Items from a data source
---

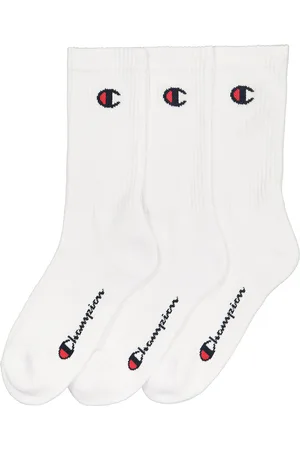 Champion Confezione Da 3 Paia Di Calze Piccolo Logo Uomo Taglie 35/38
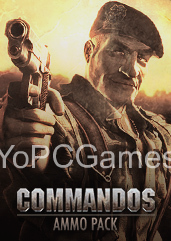 commandos: ammo pack cover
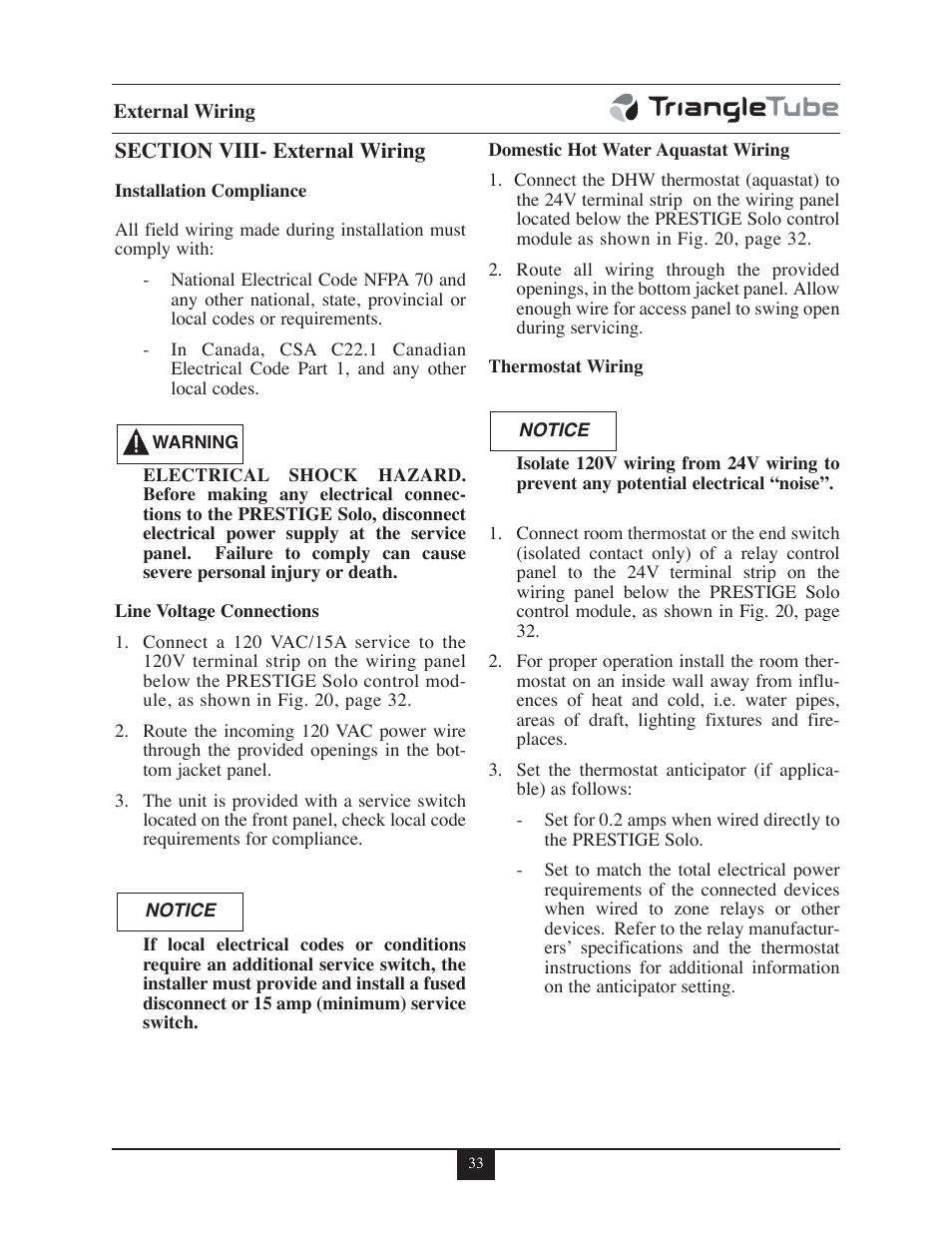 TriangleTube 399 Solo User Manual | Page 39 / 88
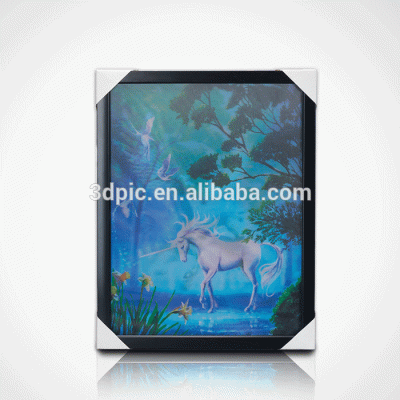 lenticular picture with flip effect 3D Lenticular Poster for Horse 3d picture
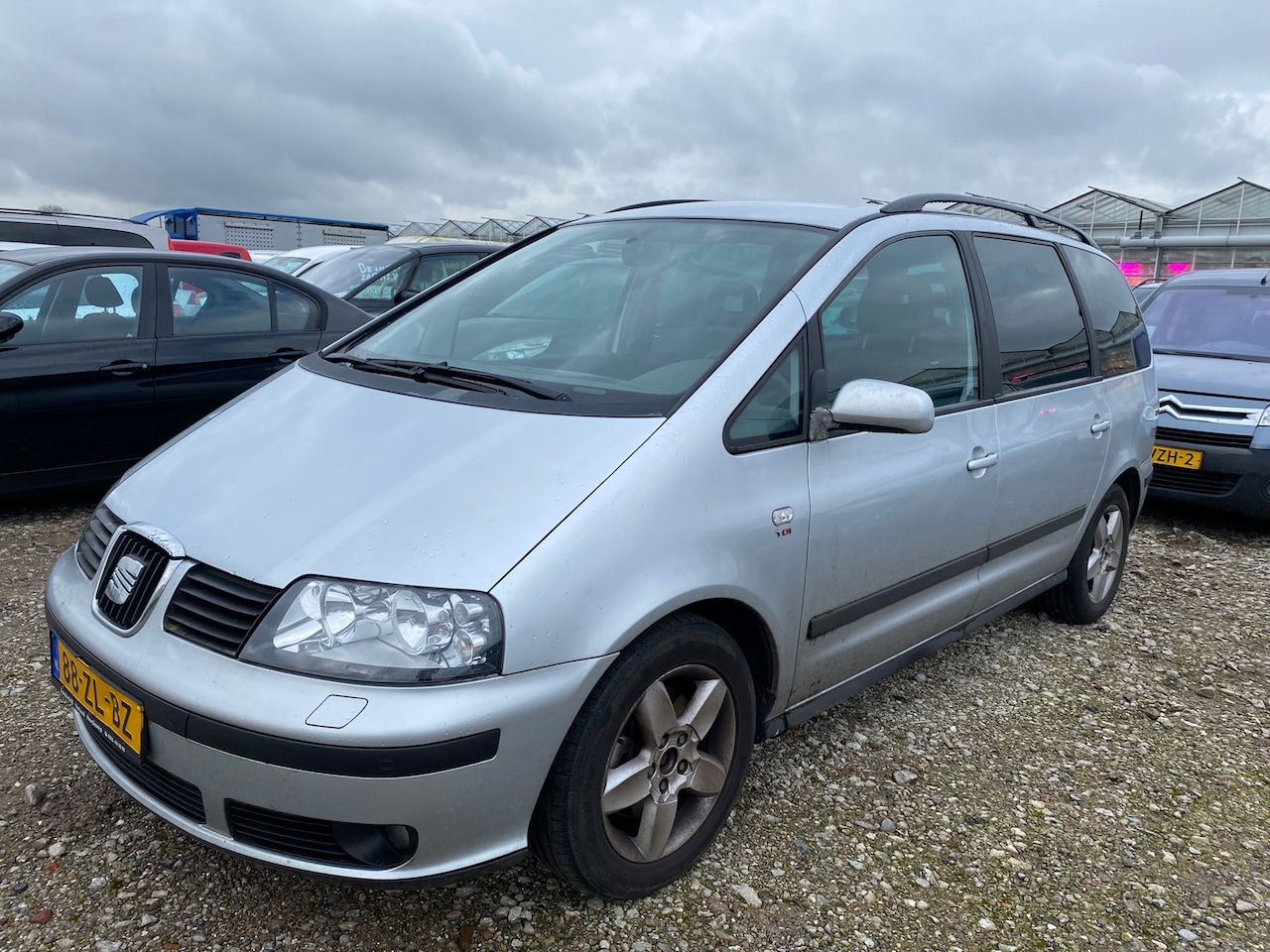 Seat Alhambra - 2008 * 2.0 TDI Urbanstyle* 7.P * Airco - AutoWereld.nl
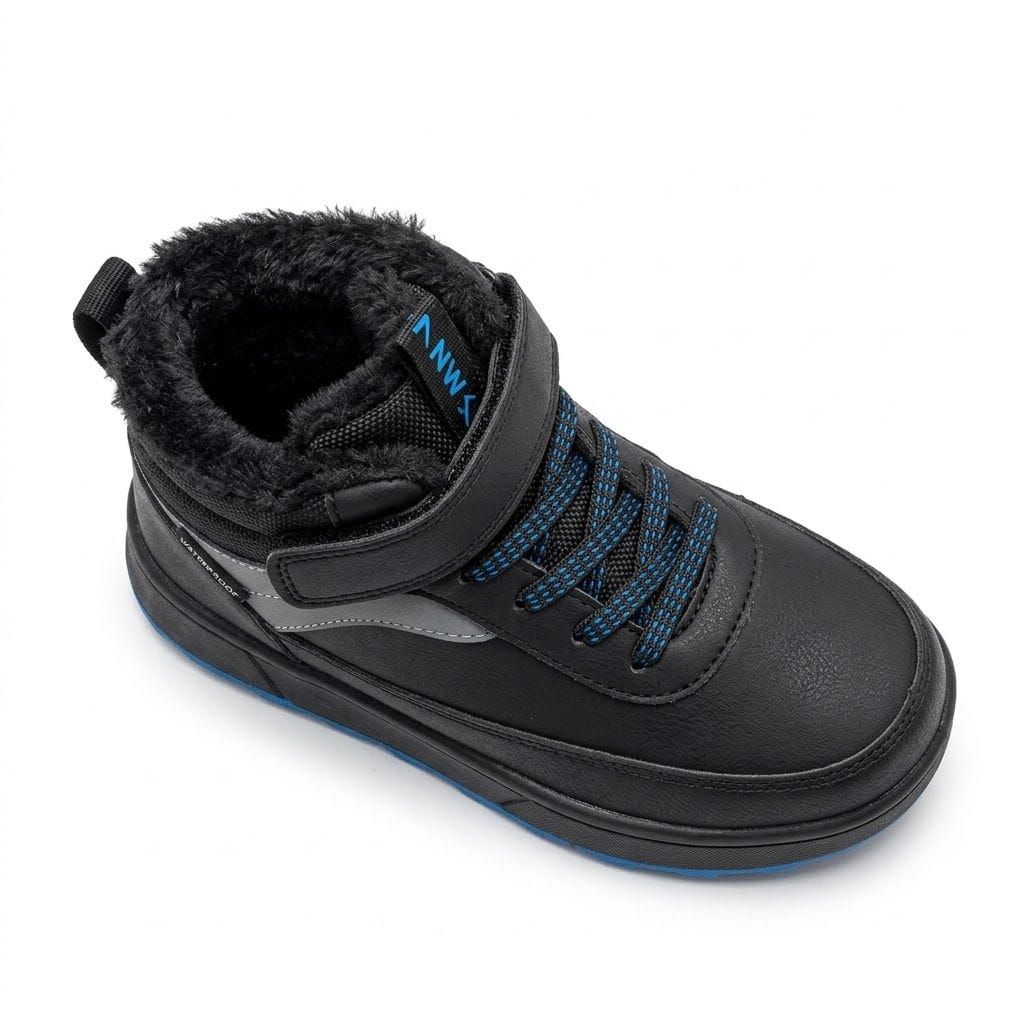 Chaussure H&M - Waterproof - Pour enfants - Noir Bleu – Image 6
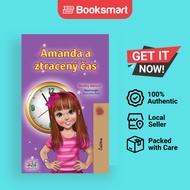Amanda And The Lost Time Czech Children's Book - Hardcover - English - 9781525956782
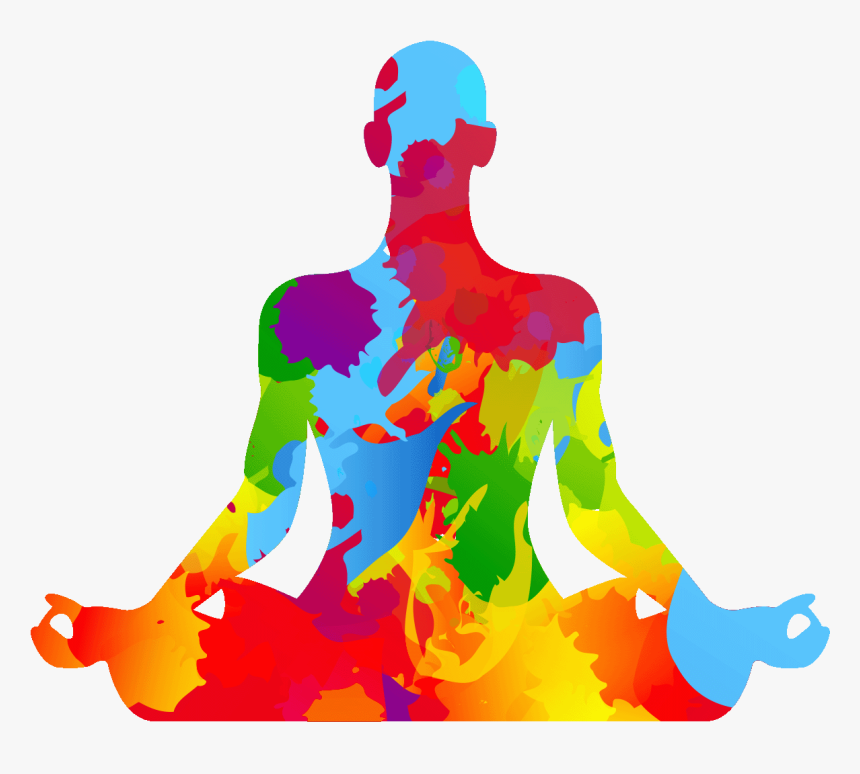 Yoga Art Picture Png, Transparent Png, Free Download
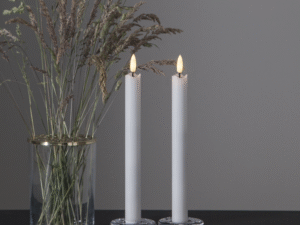 LED žvakių komplektas „Flamme“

---

WHAT THIS TASK INVOLVES.
Every line above should be repeated exactly; pictures stay out of the copy.

EXPECTED OUTPUT.
 Champion Confezione Da 3 Paia Di Calze Piccolo Logo Uomo Taglie 35/38
 commandos: ammo pack cover
 TriangleTube 399 Solo User Manual | Page 39 / 88
 lenticular picture with flip effect 3D Lenticular Poster for Horse 3d picture
 Seat Alhambra - 2008 * 2.0 TDI Urbanstyle* 7.P * Airco - AutoWereld.nl
 Chaussure H&M - Waterproof - Pour enfants - Noir Bleu – Image 6
Amanda And The Lost Time Czech Children's Book - Hardcover - English - 9781525956782
 Yoga Art Picture Png, Transparent Png, Free Download
 LED žvakių komplektas „Flamme“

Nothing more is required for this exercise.